* [GIVEN ENTRIES]
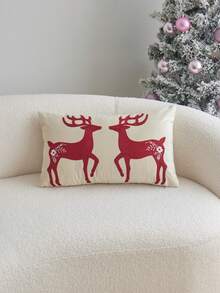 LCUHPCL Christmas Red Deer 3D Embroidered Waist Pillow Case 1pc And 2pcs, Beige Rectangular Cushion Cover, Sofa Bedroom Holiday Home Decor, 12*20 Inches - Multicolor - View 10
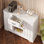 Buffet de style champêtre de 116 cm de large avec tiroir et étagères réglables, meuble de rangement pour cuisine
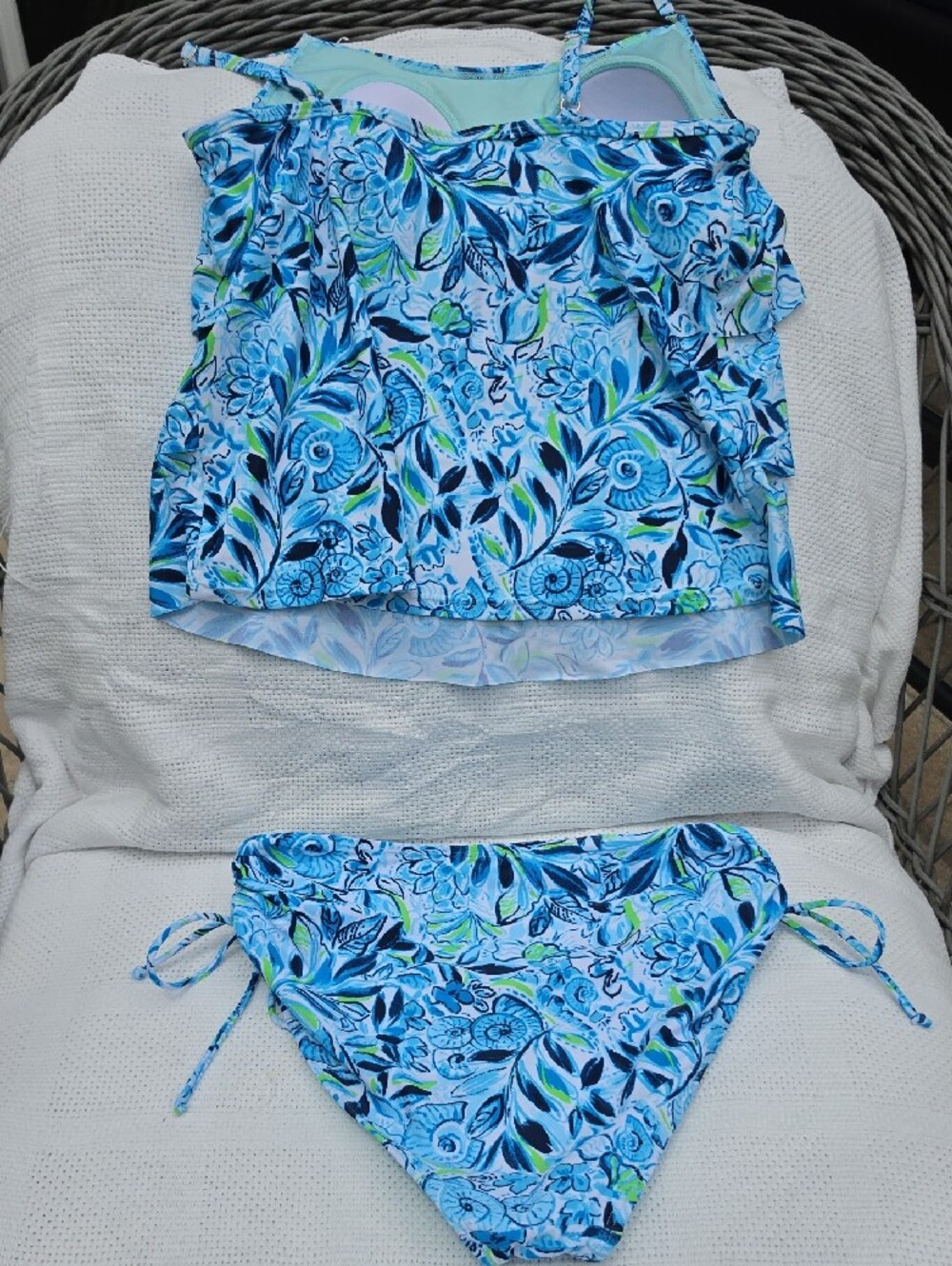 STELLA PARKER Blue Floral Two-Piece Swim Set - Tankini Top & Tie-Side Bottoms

...

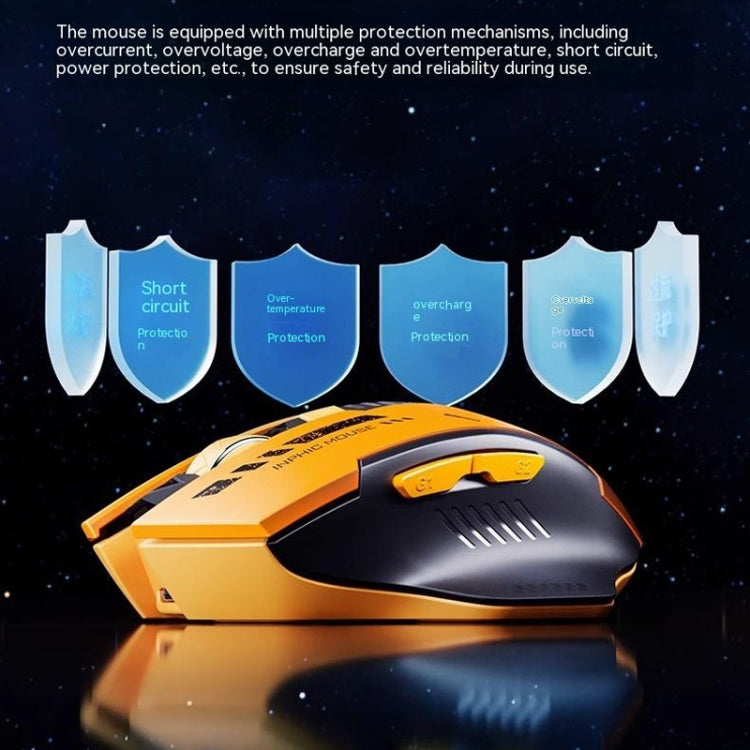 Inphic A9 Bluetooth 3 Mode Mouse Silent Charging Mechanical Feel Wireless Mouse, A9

...

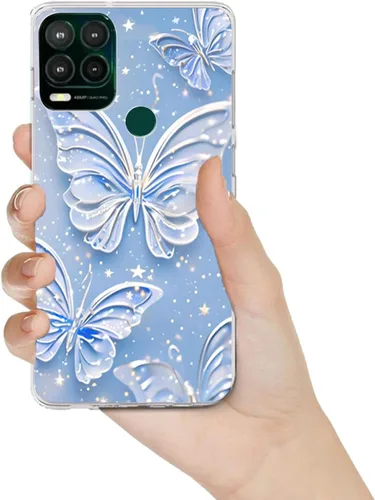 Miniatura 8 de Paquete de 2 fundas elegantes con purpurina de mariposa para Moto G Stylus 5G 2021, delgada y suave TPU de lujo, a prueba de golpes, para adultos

* [WORK TO COMPLETE] Work from the entries above. Set down exactly and only the lines from the line with "LCUHPCL Christmas Red" to the line with "STELLA PARKER Blue", both included, and leave the pictures out.

* [WRITTEN REPLY]
 LCUHPCL Christmas Red Deer 3D Embroidered Waist Pillow Case 1pc And 2pcs, Beige Rectangular Cushion Cover, Sofa Bedroom Holiday Home Decor, 12*20 Inches - Multicolor - View 10
 Buffet de style champêtre de 116 cm de large avec tiroir et étagères réglables, meuble de rangement pour cuisine
 STELLA PARKER Blue Floral Two-Piece Swim Set - Tankini Top & Tie-Side Bottoms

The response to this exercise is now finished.